— Brief descriptive captions —
━━━━━━━━

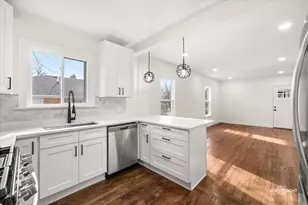 237 S Villa Ave, Elmhurst, IL 60126 - Photo 8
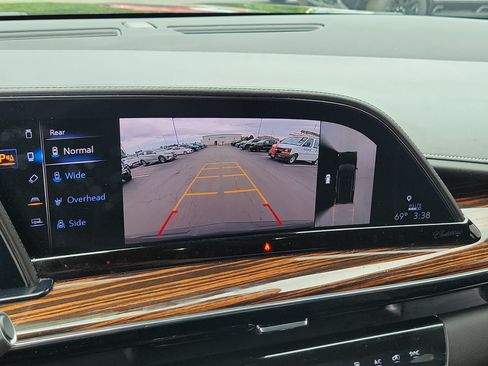 Used 2021 Cadillac Escalade Premium Luxury AWD/4WD image 29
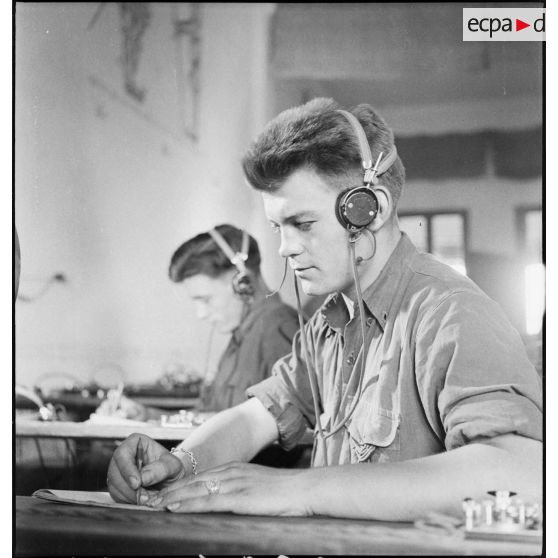 Portrait d'un élève de l'école des transmissions de l'armée de l'Air de Kasba-Tadla lors d'un exercice pratique de lecture au son d'une transmission morse.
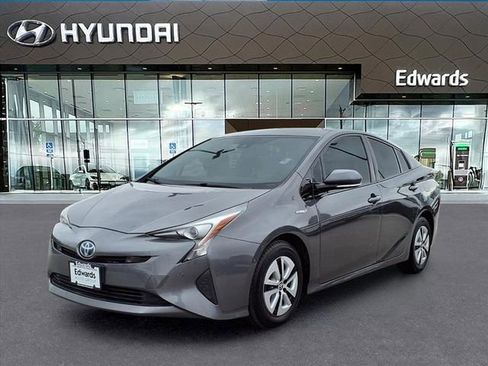 Used 2017 Toyota Prius Four image 1
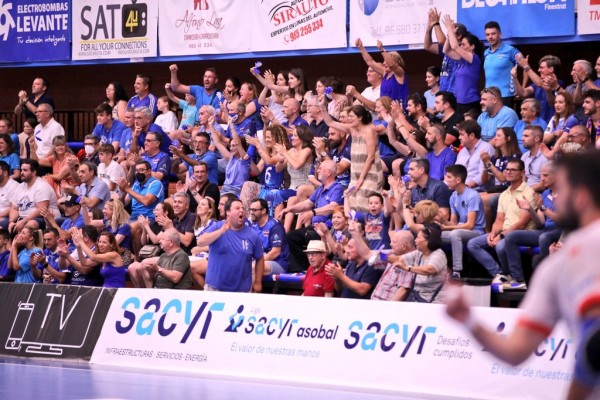 Jugadores y 'staff' técnico del Benidorm celebran la clasificación europea con su entregada afición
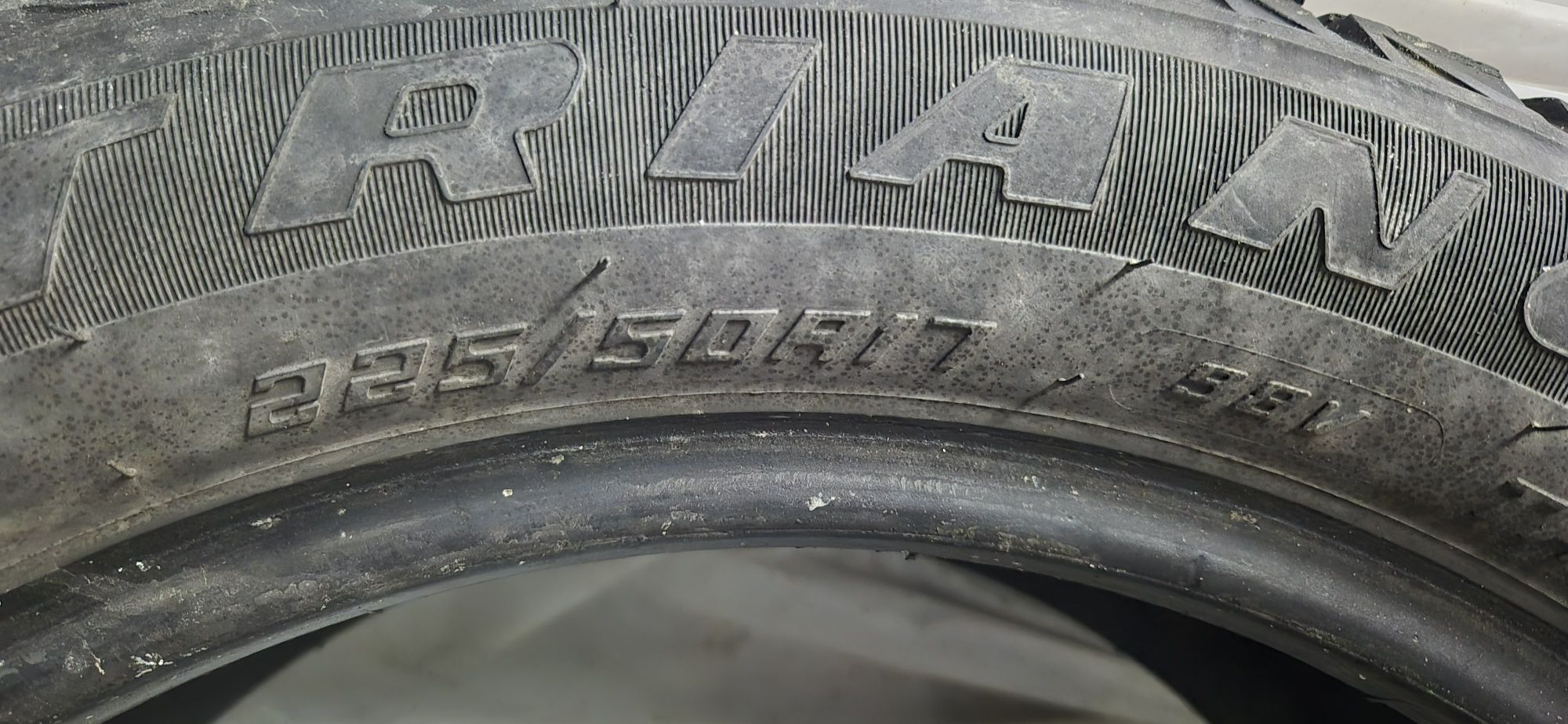 Продам резину зимние 17 тая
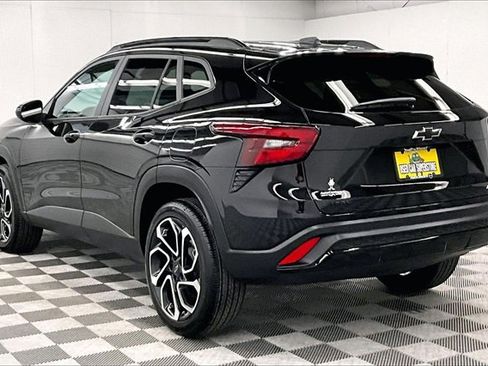 Used 2025 Chevrolet Trax RS w/ Driver Confidence Package image 2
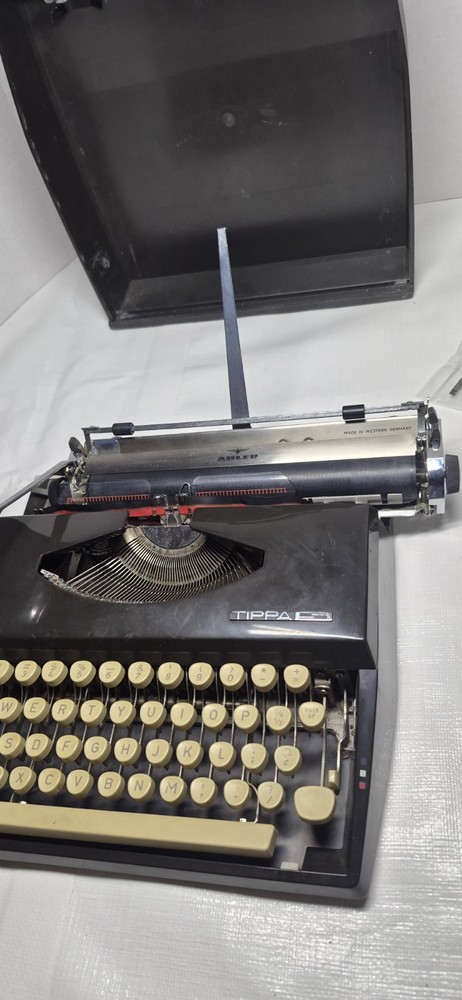Adler Tippa S Typewriter Case 1960s - Tested working Read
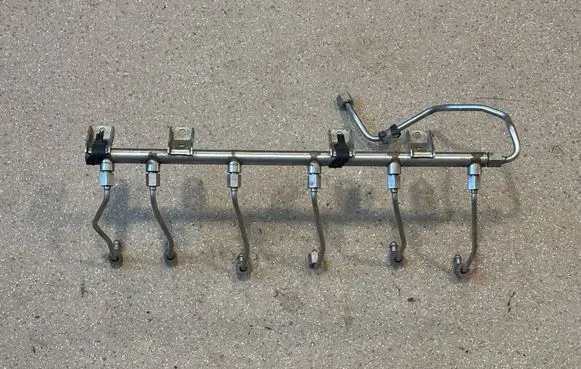 BMW 5 E60 E61 Fuel main line pipe 7535897
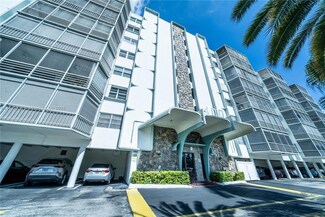 400 Diplomat Pkwy Unit 204, Hallandale Beach, FL 33009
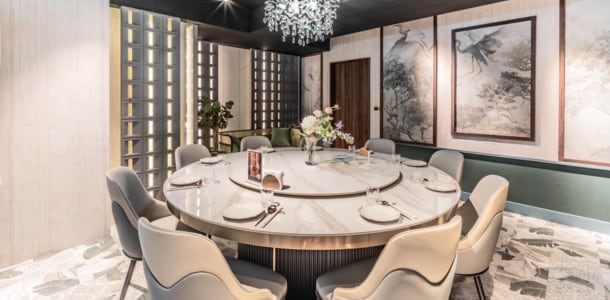 新派川菜餐廳「弎弎川酒」，開業一年即榮獲第五屆500盤推薦及米其林指南餐廳 。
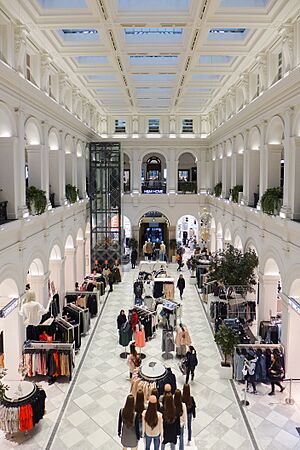 H&M store in General Post Office Melbourne 201708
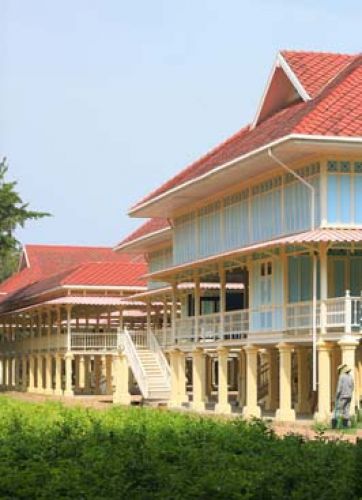 قصر تشا آم في هواهين - تايلاند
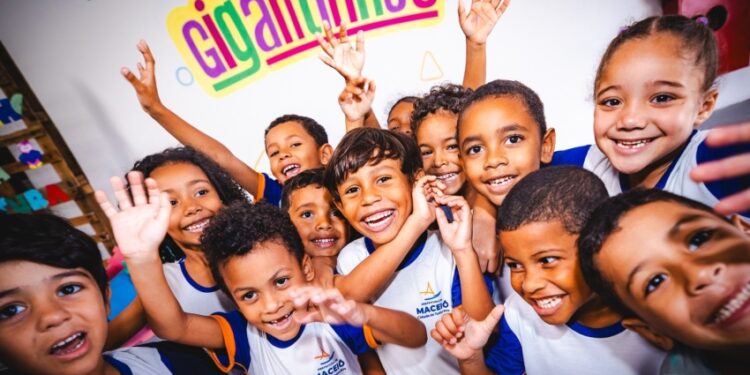 Prefeitura de Maceió lança PSS da Educação com mais de 5.700 vagas e inscrições começam nesta sexta (10)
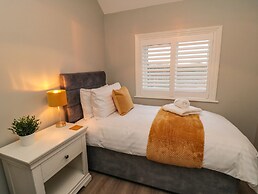 25 Victoria Park Avenue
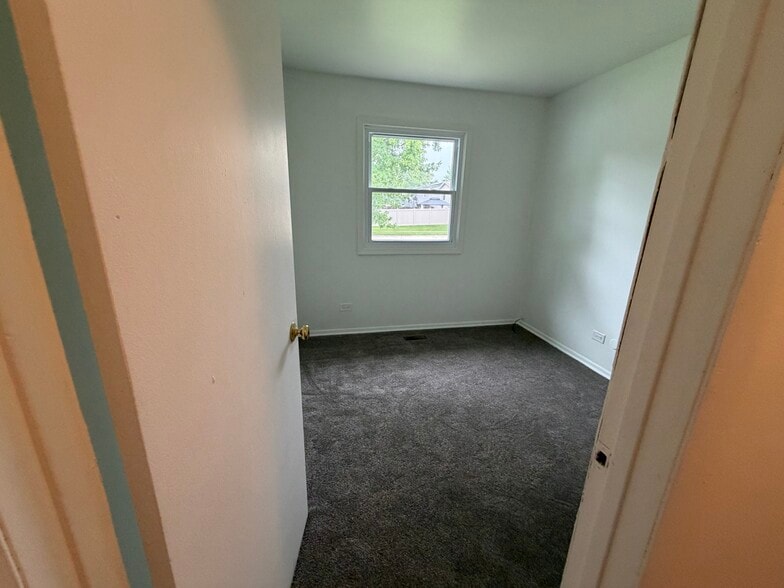Building Photo - 831 Beech Dr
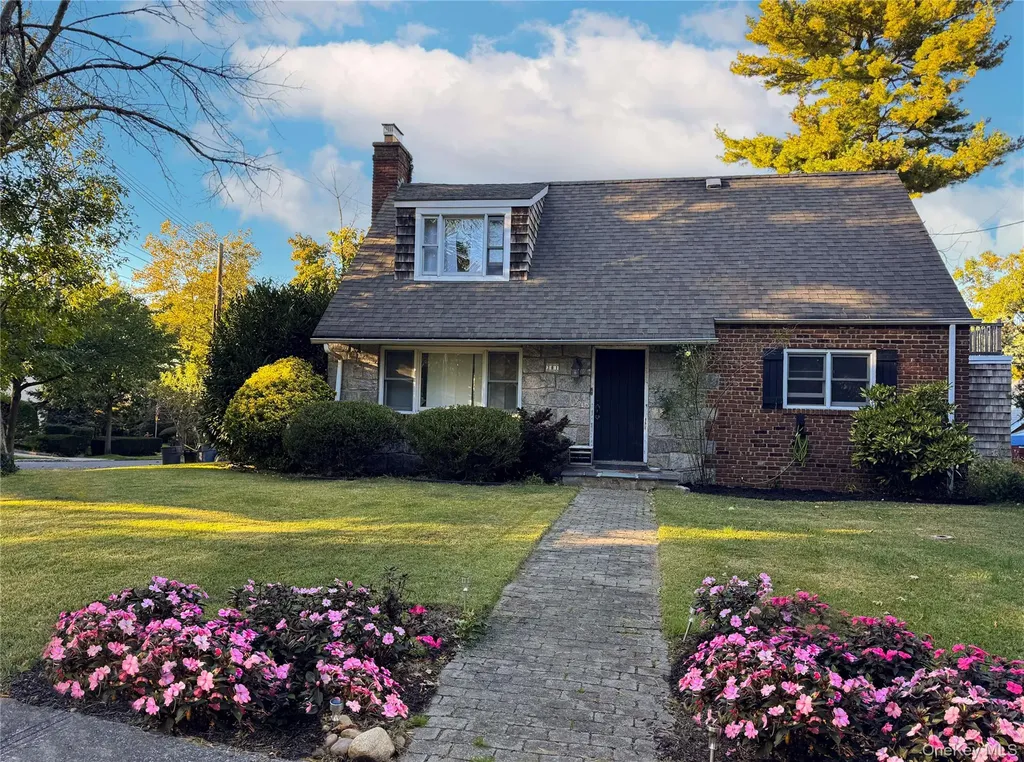 301 Park Lane Douglaston NY 11363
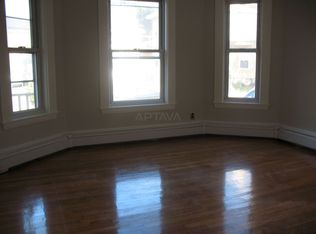 30 Rice St #3, Cambridge, MA 02140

━━━━━━━━

— Task requirements —
Output the line that contains "25 Victoria Park Avenue" and every subsequent line through the end of the entries, exactly as given, without pictures.

— Response to the exercise —
 25 Victoria Park Avenue
Building Photo - 831 Beech Dr
 301 Park Lane Douglaston NY 11363
 30 Rice St #3, Cambridge, MA 02140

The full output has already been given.